Les pays de l’Est ont compris le message. La Pologne est en pointe dans la mobilisation, la Lettonie et la Croatie ont décidé de réinstaurer le service militaire obligatoire, tandis que d’autres ne l’ont jamais supprimé. La Finlande, qui partage sa plus longue frontière avec la Russie, a fait ce choix. Au-delà des préparations matérielles des stocks d’armement, elle a compris avant tout le monde, qu’à l’heure où le parapluie américain disparaît peu à peu, la sécurité et la souveraineté passent par la formation de ses citoyens à défendre la nation.

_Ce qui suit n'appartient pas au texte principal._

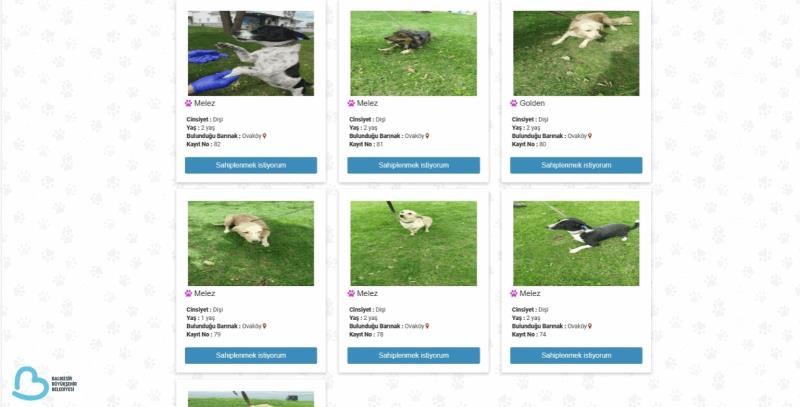 balikesirde-can-dostlar-buyuksehir-eliyle-guvende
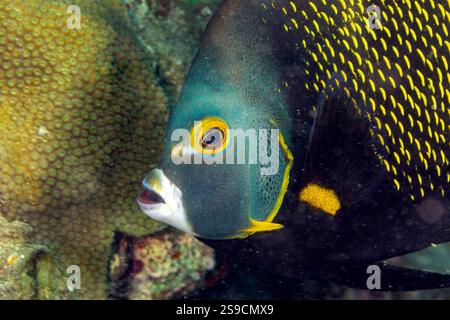 U-Boot-Details auf La Blanca Island, Veracruz Reef System, Mexiko Stockfoto
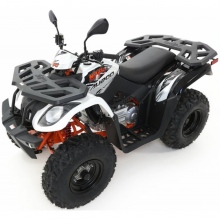 QUAD KAYO AU200 T3B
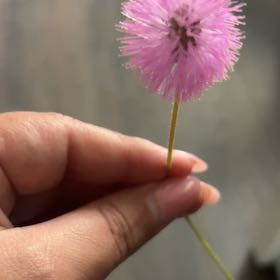 Photo of the plant species Florida Mimosa by @ExecSiamtulip named Darwin on Greg, the plant care app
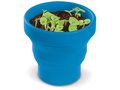 Foldable Flowerpot - Basil 6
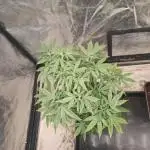 Blue Zushi L.E. "Grower Choice" FEM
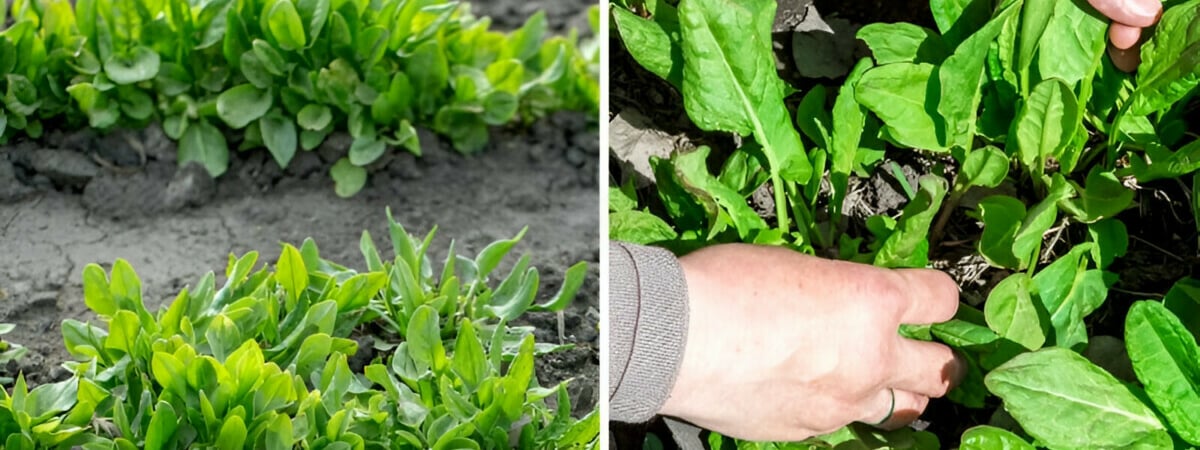 Как правильно посадить щавель весной?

La France doit elle aussi retrouver cette lucidité. Après l’échec du service national universel qui n’a pas trouvé son public, faute de vision claire, Emmanuel Macron annonce enfin un service national militaire volontaire qui cette fois-ci, prend tout son sens. Et voilà une information très intéressante : à rebours des parties extrémistes, les Français, font savoir dans les sondages qu’ils sont près de 86 % à se montrer favorables au retour du service militaire volontaire dont 78 % ont moins de 35 ans !
Voilà qui renverse tous les clichés. Cette génération que l’on disait indifférente et désabusée voit le monde tel qu’il est. Non par goût de la contrainte, mais parce qu’elle perçoit mieux que ses représentants politiques parfois, le basculement dans un monde aux menaces hybrides et complexes. Qu’ils soient d’origines, de confessions ou de milieux différents, les Français expriment avec la même conviction leur attachement à la nation. Voilà une réaction qui invite une nouvelle fois à exiger que les partis de gouvernement reprennent les commandes de la France et renouent avec l’aptitude au commandement pour la défense de la République. Puissent-ils l’entendre avant qu’il ne soit trop tard.